**Exercise description:**
Look in the listing below for the line that has "Full HD Sony", then return it and each following line up to and including the one with "Preview: Wooden background", exactly and without pictures.

**The records:**
=-=-=

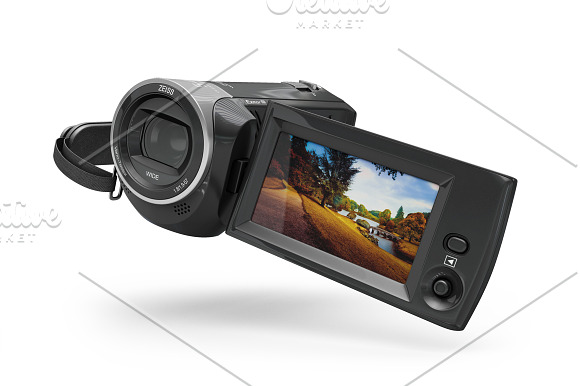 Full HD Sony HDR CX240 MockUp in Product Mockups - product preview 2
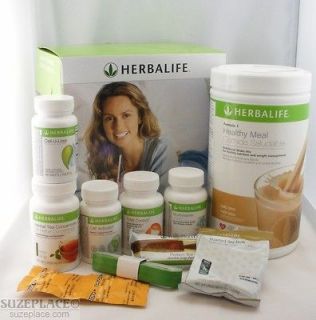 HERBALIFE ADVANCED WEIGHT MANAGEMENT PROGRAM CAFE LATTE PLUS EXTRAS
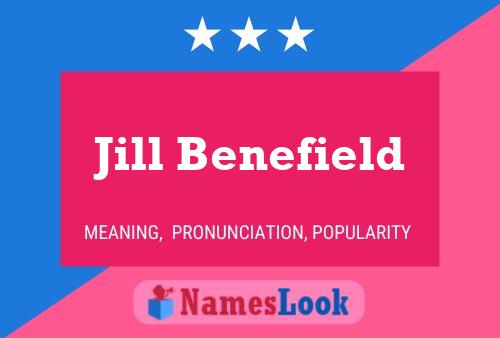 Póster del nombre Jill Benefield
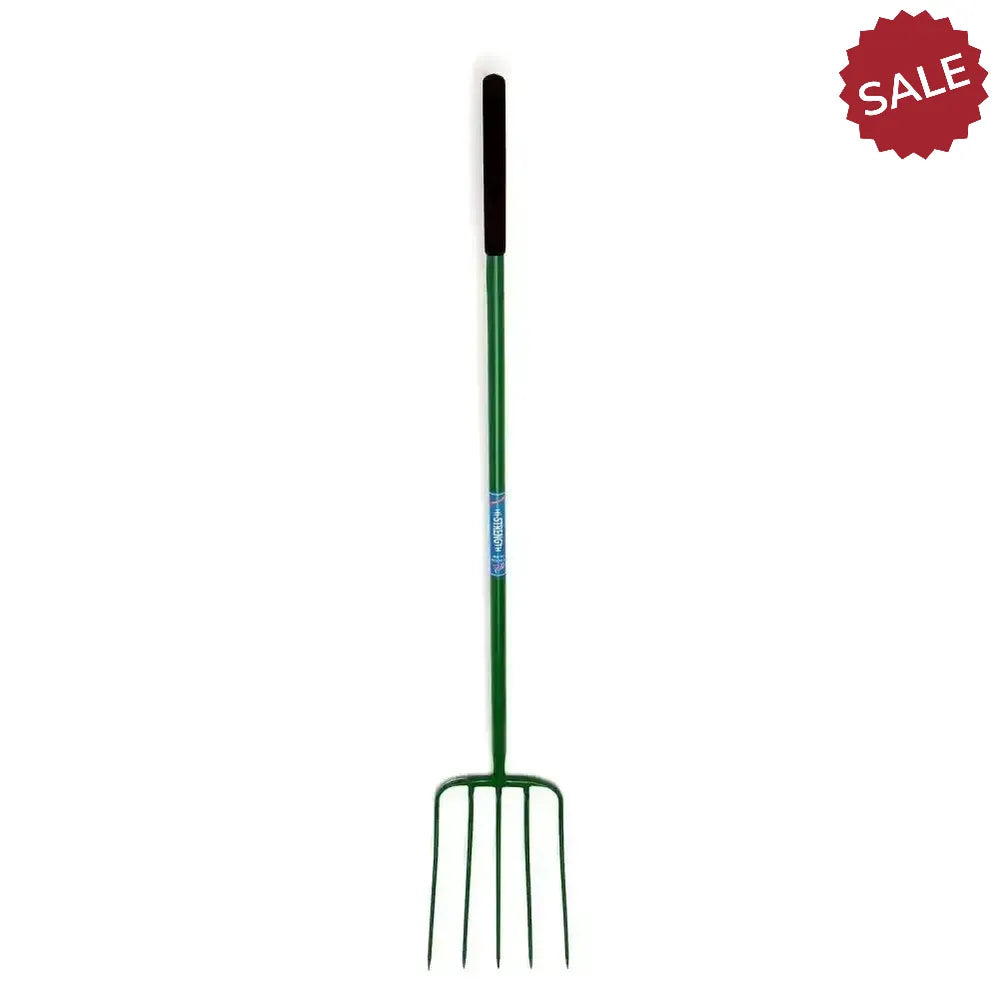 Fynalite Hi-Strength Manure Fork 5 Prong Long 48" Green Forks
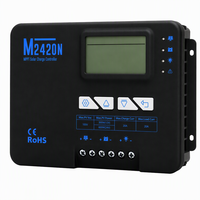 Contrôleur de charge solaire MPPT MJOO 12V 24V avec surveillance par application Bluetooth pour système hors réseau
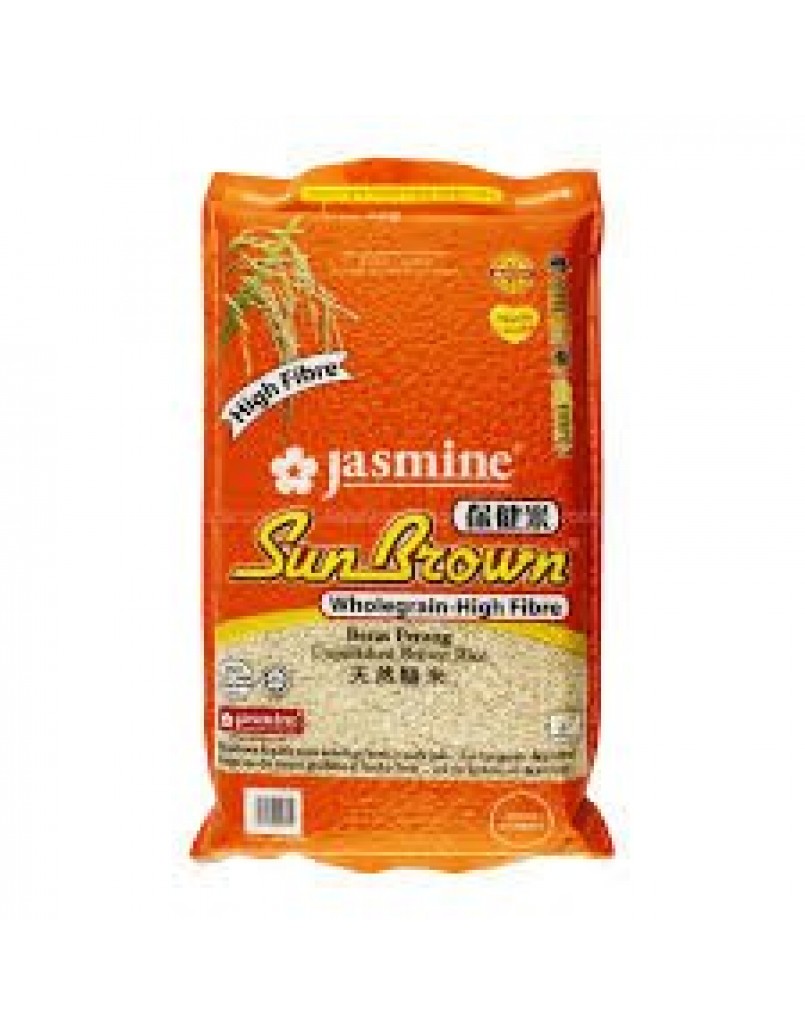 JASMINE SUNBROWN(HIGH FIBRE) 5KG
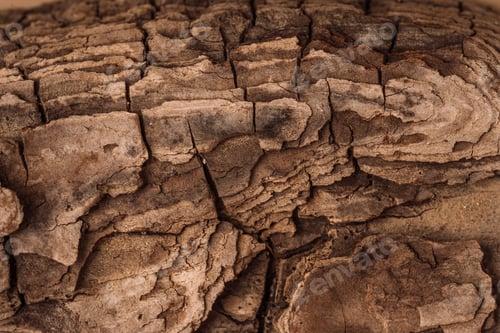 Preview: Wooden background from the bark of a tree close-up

=-=-=

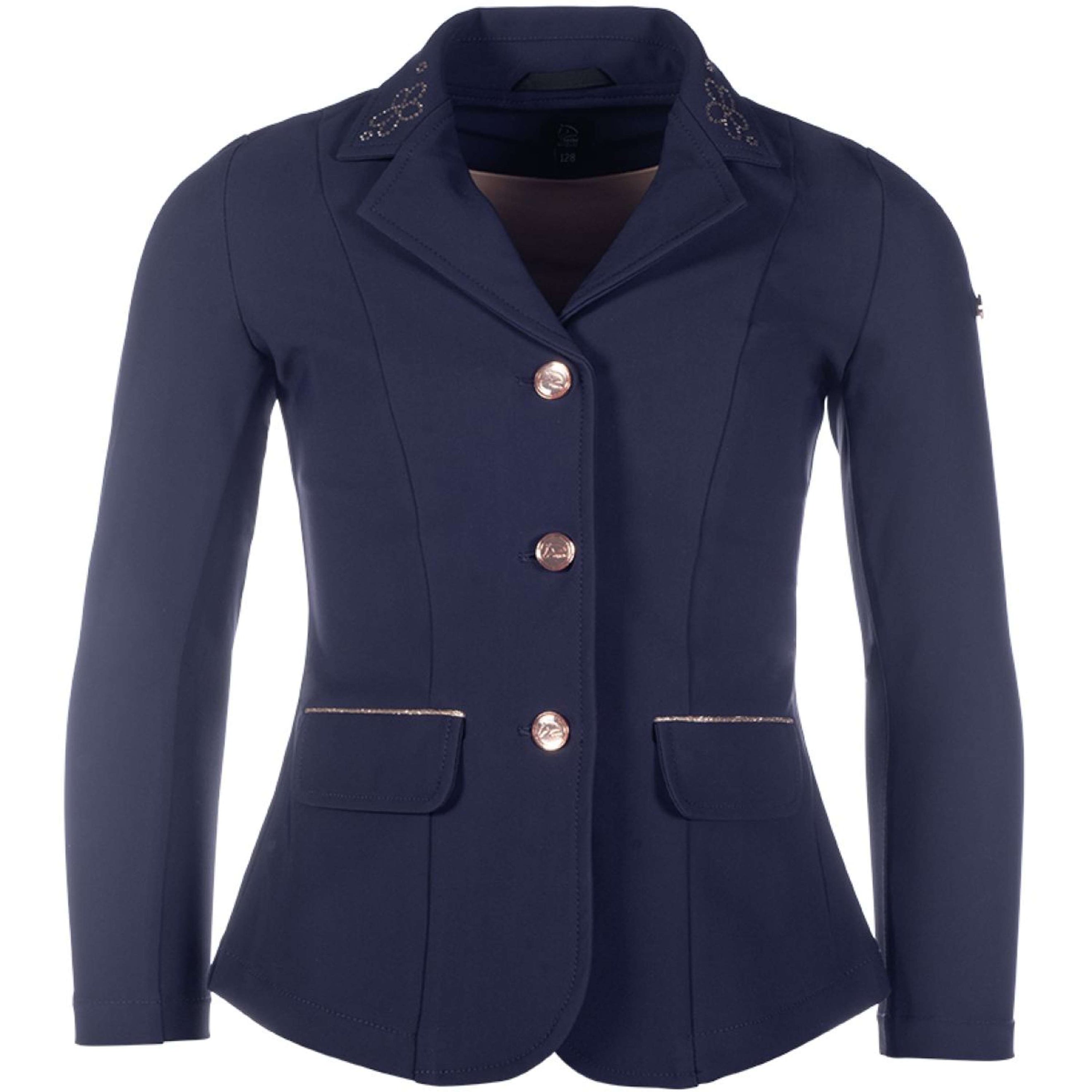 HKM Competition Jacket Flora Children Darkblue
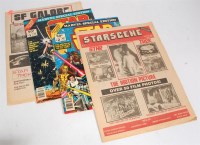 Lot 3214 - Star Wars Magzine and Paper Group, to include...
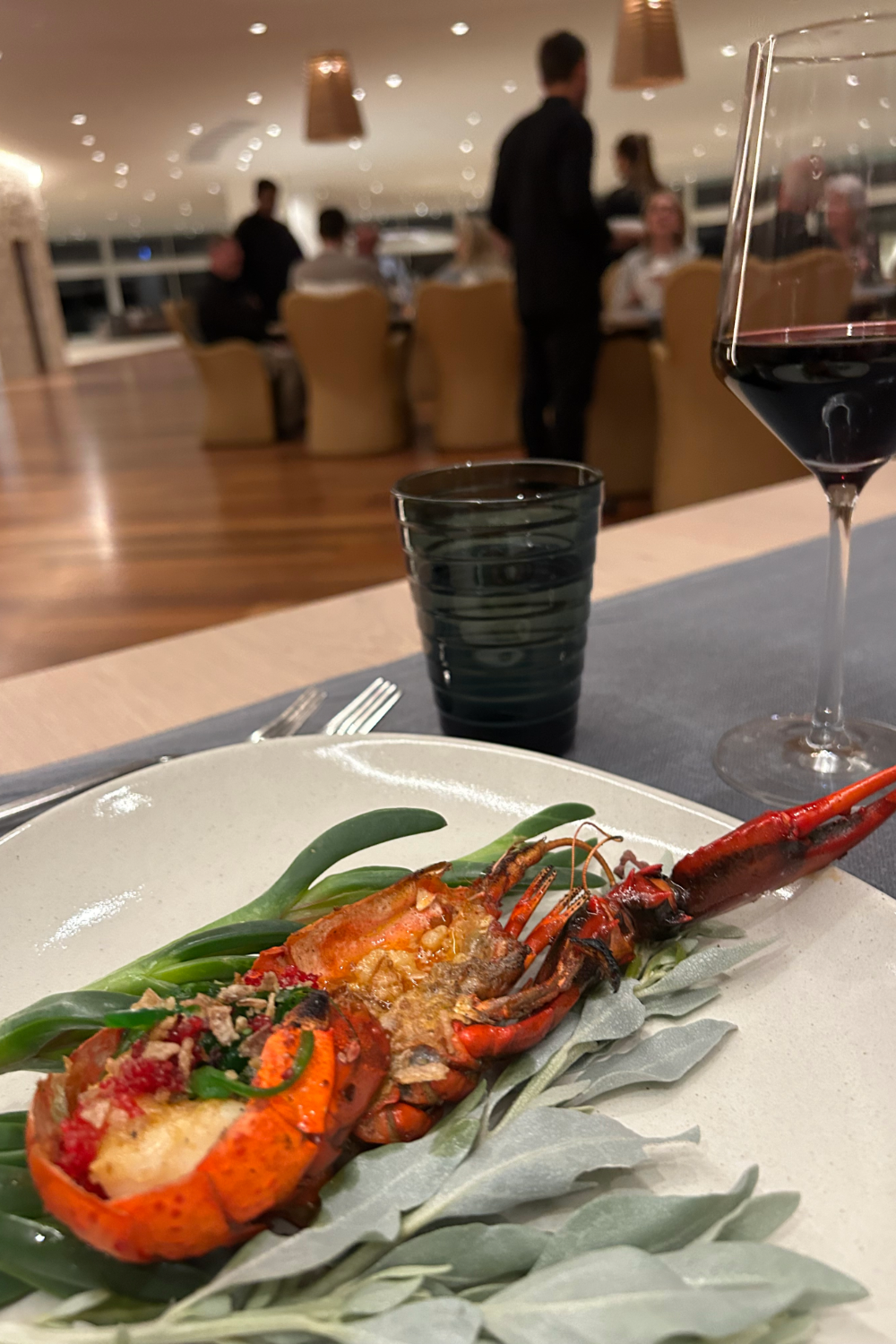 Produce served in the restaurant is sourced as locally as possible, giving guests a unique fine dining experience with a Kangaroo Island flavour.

=-=-=

**Answer below:**
 Full HD Sony HDR CX240 MockUp in Product Mockups - product preview 2
 HERBALIFE ADVANCED WEIGHT MANAGEMENT PROGRAM CAFE LATTE PLUS EXTRAS
 Póster del nombre Jill Benefield
 Fynalite Hi-Strength Manure Fork 5 Prong Long 48" Green Forks
 Contrôleur de charge solaire MPPT MJOO 12V 24V avec surveillance par application Bluetooth pour système hors réseau
 JASMINE SUNBROWN(HIGH FIBRE) 5KG
 Preview: Wooden background from the bark of a tree close-up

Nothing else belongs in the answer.